(Short descriptive text snippets)
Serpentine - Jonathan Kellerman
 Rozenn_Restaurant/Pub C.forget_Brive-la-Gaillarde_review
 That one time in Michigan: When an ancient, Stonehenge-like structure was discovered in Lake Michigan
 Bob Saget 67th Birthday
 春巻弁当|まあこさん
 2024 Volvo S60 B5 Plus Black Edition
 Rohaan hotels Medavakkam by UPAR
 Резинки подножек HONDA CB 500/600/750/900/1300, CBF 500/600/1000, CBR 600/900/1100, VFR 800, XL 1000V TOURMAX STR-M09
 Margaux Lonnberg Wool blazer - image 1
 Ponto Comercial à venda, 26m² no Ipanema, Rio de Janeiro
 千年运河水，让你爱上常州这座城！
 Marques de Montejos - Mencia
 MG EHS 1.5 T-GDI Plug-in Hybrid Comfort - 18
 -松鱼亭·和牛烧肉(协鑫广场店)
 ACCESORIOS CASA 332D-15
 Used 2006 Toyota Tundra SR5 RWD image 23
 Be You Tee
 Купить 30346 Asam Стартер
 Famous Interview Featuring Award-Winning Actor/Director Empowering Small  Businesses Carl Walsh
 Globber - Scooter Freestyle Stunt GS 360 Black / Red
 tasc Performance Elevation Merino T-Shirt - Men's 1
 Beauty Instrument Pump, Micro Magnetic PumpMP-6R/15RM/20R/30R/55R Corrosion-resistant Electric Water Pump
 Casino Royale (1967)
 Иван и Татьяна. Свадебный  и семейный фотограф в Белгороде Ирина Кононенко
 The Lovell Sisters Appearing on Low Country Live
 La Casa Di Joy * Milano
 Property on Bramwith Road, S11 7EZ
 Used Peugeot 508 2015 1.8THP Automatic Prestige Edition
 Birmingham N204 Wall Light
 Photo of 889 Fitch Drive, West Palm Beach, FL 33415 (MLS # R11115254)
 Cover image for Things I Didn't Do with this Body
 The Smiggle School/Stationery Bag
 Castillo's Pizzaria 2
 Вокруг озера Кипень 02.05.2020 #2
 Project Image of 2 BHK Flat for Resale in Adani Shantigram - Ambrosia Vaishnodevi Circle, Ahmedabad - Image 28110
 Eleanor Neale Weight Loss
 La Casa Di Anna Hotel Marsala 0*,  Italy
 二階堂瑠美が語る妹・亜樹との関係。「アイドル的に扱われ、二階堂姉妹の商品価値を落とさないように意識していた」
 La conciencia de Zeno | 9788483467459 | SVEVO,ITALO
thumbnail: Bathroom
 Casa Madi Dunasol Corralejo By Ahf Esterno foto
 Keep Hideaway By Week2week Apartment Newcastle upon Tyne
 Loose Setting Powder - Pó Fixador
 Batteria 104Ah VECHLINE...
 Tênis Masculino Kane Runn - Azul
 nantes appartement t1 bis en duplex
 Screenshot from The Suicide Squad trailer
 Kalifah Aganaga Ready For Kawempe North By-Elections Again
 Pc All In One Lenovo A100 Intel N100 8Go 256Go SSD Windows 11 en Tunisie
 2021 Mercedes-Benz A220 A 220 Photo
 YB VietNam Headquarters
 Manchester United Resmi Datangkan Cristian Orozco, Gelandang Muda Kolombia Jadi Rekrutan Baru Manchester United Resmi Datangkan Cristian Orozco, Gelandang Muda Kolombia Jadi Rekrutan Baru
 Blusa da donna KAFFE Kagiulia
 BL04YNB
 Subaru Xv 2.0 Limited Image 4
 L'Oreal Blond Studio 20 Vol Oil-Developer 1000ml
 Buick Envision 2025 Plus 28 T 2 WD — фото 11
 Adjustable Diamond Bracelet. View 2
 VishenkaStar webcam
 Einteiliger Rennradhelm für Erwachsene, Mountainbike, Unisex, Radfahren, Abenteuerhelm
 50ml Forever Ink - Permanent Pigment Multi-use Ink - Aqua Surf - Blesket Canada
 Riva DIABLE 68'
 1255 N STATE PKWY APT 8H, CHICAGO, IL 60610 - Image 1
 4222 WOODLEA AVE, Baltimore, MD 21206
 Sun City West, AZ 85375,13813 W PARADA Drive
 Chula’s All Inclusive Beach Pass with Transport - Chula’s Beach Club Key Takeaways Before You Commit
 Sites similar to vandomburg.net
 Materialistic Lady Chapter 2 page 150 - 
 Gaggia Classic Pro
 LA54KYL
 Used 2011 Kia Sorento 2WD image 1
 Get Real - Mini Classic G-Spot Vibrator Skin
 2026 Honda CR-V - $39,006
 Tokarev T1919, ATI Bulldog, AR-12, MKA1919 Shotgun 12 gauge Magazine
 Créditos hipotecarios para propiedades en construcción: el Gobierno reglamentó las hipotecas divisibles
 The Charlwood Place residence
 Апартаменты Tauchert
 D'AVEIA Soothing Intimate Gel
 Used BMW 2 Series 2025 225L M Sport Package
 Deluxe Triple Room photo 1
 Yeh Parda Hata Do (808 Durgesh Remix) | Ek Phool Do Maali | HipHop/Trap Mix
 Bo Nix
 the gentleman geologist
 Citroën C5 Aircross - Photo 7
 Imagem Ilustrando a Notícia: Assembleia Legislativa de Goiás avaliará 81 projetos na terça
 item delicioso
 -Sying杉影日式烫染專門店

● Task details:
Show the lines of the records that include the string "Edition".

● Output of the task:
 2024 Volvo S60 B5 Plus Black Edition
 Used Peugeot 508 2015 1.8THP Automatic Prestige Edition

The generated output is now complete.